Birat Niraula: Right. So, I think we take-you know, personally I've done a few things to be able to manage this, right? And sometimes, I think you talked about this earlier, right, how do you improve velocity? How do you allow like folks to move faster, and we've done that, we've done that several times. But we go back and ensure that there are exceptions that are being looked at on a regular basis, so then someone wants to move forward, and dev infrastructure we'd probably give them full access in there, because it doesn't expose any sensitive data or any production data, for three months let's say. That access expires in three months. That exception has to be revisited again, as in, is that required? Do they need the same access in production? Have they sorted out everything? So then that is still helping velocity, like improving velocity and letting the teams build what they do best, and not focus-not be slowed down by security, but then when you revisit it, one of your responsibilities is also work with the team to figure out that sometimes we come up with very creative, you know, you'd be surprised what type of creative solutions we'd come up with at times to help the end user, rather than just using a sledgehammer approach, as in, this is the only way we could secure it.

David Moulton: Absolutely.

Birat Niraula: You know, we try being creative around applying compensating controls, so that infrastructure, when going to production, still remains secure, right? So it is something we have to look at constantly. And the other thing we look at is, across the board, and basically, you know, my team spent some time at this as well, right? Across the board, we look at what's being used right now? Like actively, in terms of access, and whether that's network access, user access, and so forth. What's required? What's not required at this point? What's the usage like, right? And sometimes, we just remove usage that hasn't been there for a long time, for example, right? So that's how we look at things at scale, to figure out what's absolutely needed, to ensure that it's secure. And the second part, we don't need backdoors, I suppose, right?

David Moulton: Right.

Birat Niraula: And third, if the application has morphed or is doing something weird, then we are also able to flag it, as in, this is new. Like this never existed. And like, what, well sometimes it's like you're requesting this, but we never saw this in the architecture or the design. What has changed, like, why do you want to connect to an external vendor that's not even approved for example, right? So we look at it from multiple lenses.

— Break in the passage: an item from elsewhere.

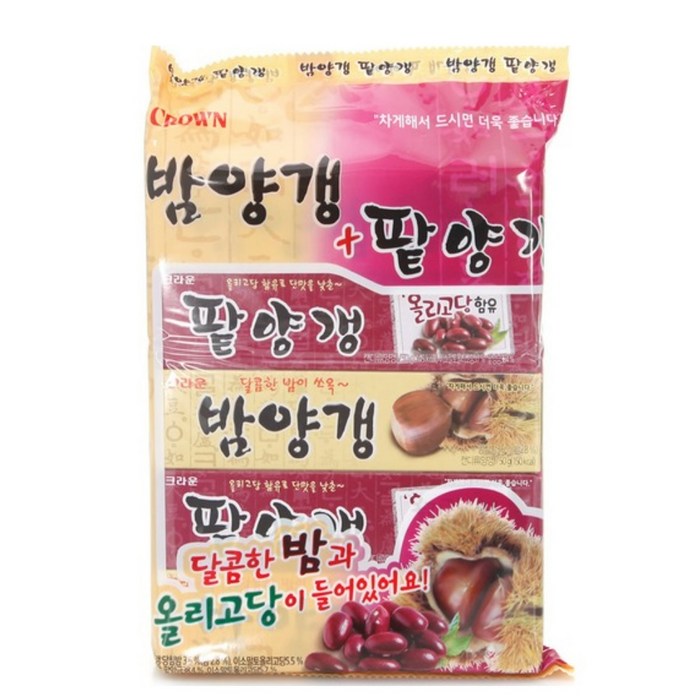 크라운 밤+팥 연양갱 50g, 10개 대표 이미지 - 양갱 추천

David Moulton: Birat, I want to go back to something you said a moment ago. We're building the future without understanding the risks. I'm curious, you know, you were talking about going into a world where everyone moved to cloud, right? Are you seeing that happening today? And if so, where do you see that specific problem happening now?

Birat Niraula: So there are a few areas. Most companies are in the cloud journey now, right? So most are actually using cloud to a certain extent. I don't think most companies actually understand what type of use cases they have. So then, they're being able to balance that, right? So the first part, and this is a classic problem you see, right? End users don't know what security clearance you have. You don't know what the end users actually are-or the application teams are actually building. So, there's no understanding. Like there's a lack of understanding between what the end user is doing versus what are the policies, right? then it's both ways. And that's, you know, and the same thing is that currently the trend I'm seeing is on AI. You don't know what type of models are being brought in, what type of data is being used, what type of protections we have against the data, what type of infrastructure is being used to secure that data. And we are just building models, and like we are using bio code, for example, in some cases, right? And you don't know what the-and most people, if the code works, why would they actually go and look at is, are every software library is that the code produced, or every part of the code important for you or not? Is the model sanitized, the model you're importing, to do something like phishing recognition, recognition for example, right? Did you pull the-what's the support like for that particular model? Like who is supporting? You know, it's like open source problems that we have, right? We are going to see more of this, and that's why I was saying earlier that we've been through this journey of people starting, or companies starting to use cloud without understanding what they actually wanted of cloud, and also what, like how to secure a cloud, and toward end users, what are they using within the cloud itself?

David Moulton: Right.

Birat Niraula: Right, and the same probably is being replicated now, in the case of AI, and in some cases, also in case of new products that the cloud services are providing as well.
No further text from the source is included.